> _Work instruction_
The listing below holds a line with "My Son In Law" and a later line with "Moments with the". Write out those two lines and every line between them, exactly, and nothing else.
* * *
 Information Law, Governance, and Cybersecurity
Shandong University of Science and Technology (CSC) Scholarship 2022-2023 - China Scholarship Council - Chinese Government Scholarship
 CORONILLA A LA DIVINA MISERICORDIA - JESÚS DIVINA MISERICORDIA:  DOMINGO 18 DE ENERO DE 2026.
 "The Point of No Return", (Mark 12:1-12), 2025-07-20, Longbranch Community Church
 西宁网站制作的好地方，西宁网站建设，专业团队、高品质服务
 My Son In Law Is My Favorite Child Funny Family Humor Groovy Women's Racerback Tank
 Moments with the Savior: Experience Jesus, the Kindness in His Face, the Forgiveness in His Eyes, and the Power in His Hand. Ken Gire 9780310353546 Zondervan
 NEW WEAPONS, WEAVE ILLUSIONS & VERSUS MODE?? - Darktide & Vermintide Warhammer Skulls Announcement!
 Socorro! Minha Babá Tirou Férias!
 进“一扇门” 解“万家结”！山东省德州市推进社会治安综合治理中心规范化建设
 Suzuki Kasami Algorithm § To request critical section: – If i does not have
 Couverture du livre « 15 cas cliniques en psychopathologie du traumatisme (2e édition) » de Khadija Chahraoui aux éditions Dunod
* * *
> _Solved problem_
 My Son In Law Is My Favorite Child Funny Family Humor Groovy Women's Racerback Tank
 Moments with the Savior: Experience Jesus, the Kindness in His Face, the Forgiveness in His Eyes, and the Power in His Hand. Ken Gire 9780310353546 Zondervan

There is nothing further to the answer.